Laut dem neuesten Entwurf des umstrittenen EU-Verordnungsvorschlags zum sexuellen Kindesmissbrauch, der der französischen Nachrichtenorganisation Contexte zugespielt wurde, wollen die EU-Innenminister die beruflichen Konten von Mitarbeitern der Geheimdienste, der Polizei und des Militärs von der geplanten Durchsicht von Chats und Nachrichten ausnehmen (Artikel 1 (2a)). Die Verordnung soll auch nicht für “vertrauliche Informationen” wie Berufsgeheimnisse gelten (Artikel 1 (2b)). Die EU-Regierungen lehnen es ab, dass das neue EU-Kinderschutzzentrum sie bei der Prävention von sexuellem Kindesmissbrauch unterstützt und bewährte Verfahren für Präventionsinitiativen entwickelt (Artikel 43 (8)), schreibt der Europaabgeordnete der Piratenpartei Patrick Breyer.
Dass die EU-Innenminister Polizisten, Soldaten, Geheimdienstler und sogar sich selbst von der Chat-Kontrolle ausnehmen wollen, beweist, dass sie genau wissen, wie unzuverlässig und gefährlich die Schnüffelalgorithmen sind, die sie auf uns Bürger loslassen wollen.

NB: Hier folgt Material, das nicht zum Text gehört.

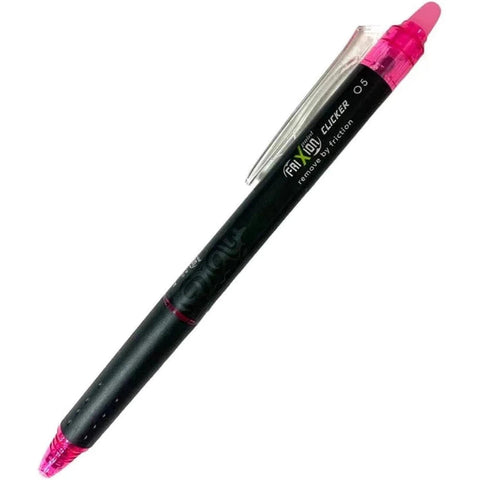 Pilot Frixion Clicker Black Edition 0.5 Erasable Pens ColorWaves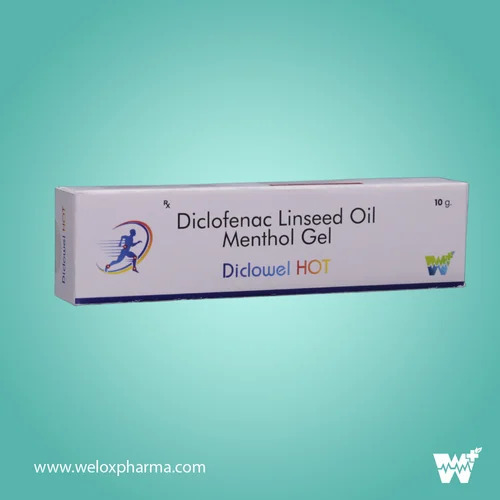 Diclowel Hot Diclofenac Linseed Oil Menthol Gel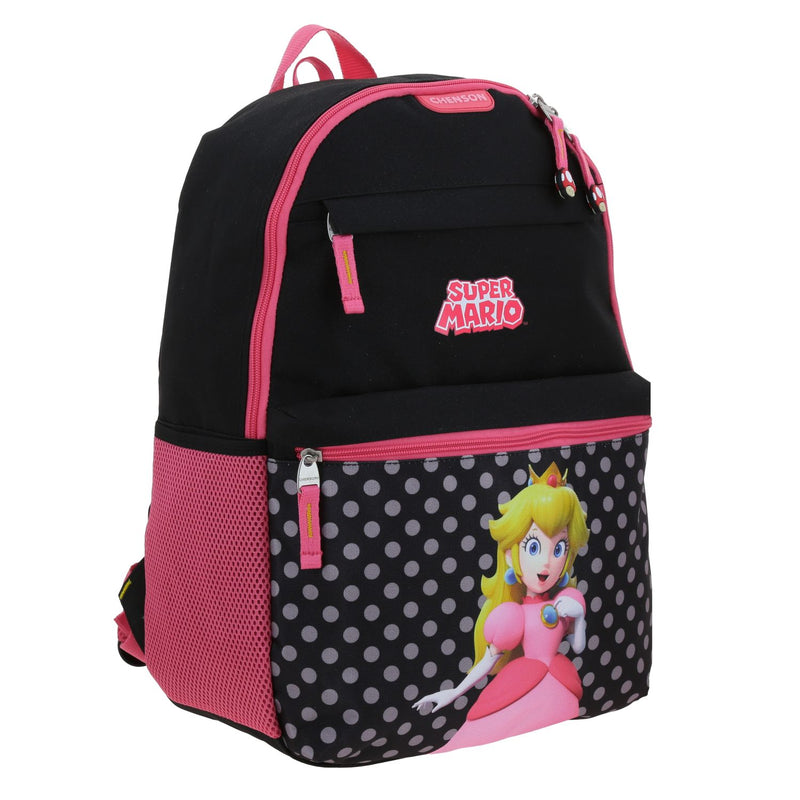 Mochila Negro Mario Bros Chenson Loly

Sie scheinen zu befürchten, dass selbst militärische Geheimnisse, die nichts mit sexuellem Kindesmissbrauch zu tun haben, jederzeit in den USA landen könnten.
Die Vertraulichkeit der Regierungskommunikation ist sicherlich wichtig, aber dasselbe muss auch für den Schutz der Kommunikation von Unternehmen und natürlich von Bürgern gelten, einschließlich der Räume, die Missbrauchsopfer selbst für einen sicheren Austausch und eine Therapie benötigen. Wir wissen, dass die meisten Chats, die durch die heutigen freiwilligen Schnüffelalgorithmen durchsickern, für die Polizei nicht relevant sind, zum Beispiel Familienfotos oder einvernehmliches Sexting. Es ist empörend, dass die EU-Innenminister selbst die Folgen der Zerstörung des digitalen Briefgeheimnisses und der sicheren Verschlüsselung, die sie uns auferlegen, nicht tragen wollen.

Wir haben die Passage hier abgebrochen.